Bayesian vs Evolutionary Optimisation in Exploring Pareto Fronts for
Materials Discovery
Abstract
With advancements in automated experimental setups, material
optimisation and discovery can scale to higher throughput with larger
evaluation budgets. Two state-of-the-art algorithms with conceptually
different multi-objective optimisation strategies (Bayesian and
Evolutionary) are compared on synthetic and real-world datasets. Our
results show that the Bayesian optimisation strategy, q-Noisy Expected
Hypervolume Improvement (qNEHVI) is superior in finding solutions at the
Pareto Front rapidly, and when considering hypervolume improvement as a
performance indicator.
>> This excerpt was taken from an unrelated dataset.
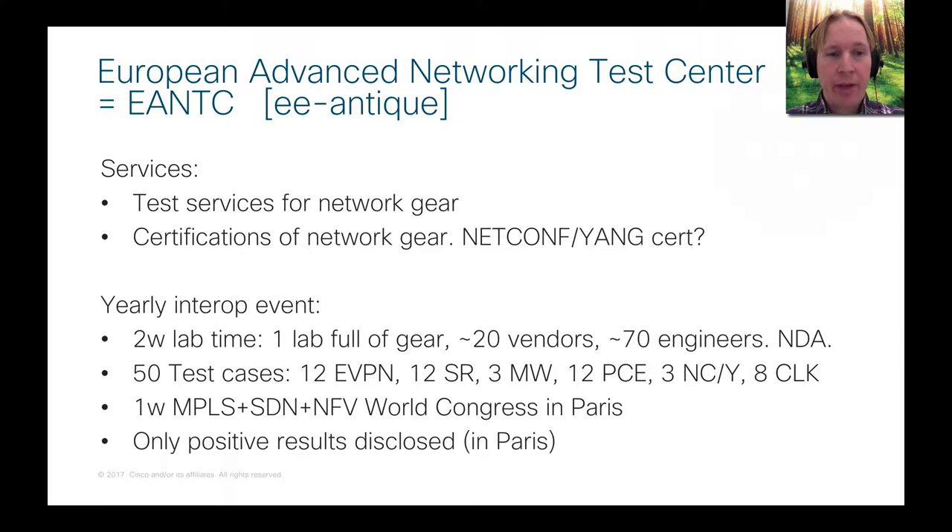This event is all about learning. You participate in this interop event to learn how you interoperate different vendors and different stacks of software — that's the main takeaway. And then as a bonus, some test cases actually get to work, and you can brag about them in Paris and show your customers that you really care about interoperability and can make things work in real life.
On the other hand, the Evolutionary optimisation
strategy, Unified Non-dominated Sorting Genetic Algorithm III
(U-NSGA-III), can exploit the Pareto Front and propose a larger pool of
optimal solutions, given sufficient evaluation budget, and thus may be a
better choice for materials discovery problems where knowing the
complete Pareto Front provides greater scientific value to understanding
materials space. We discuss the limitations of using hypervolume as a
performance indicator for optimisation strategies, alongside
hypervolume-based strategies such as qNEHVI, which do not adequately
explain the number of solutions at or near the Pareto Front. We also
performed a comparison of both optimisation strategies at different
batch sizes to consider throughput capabilities.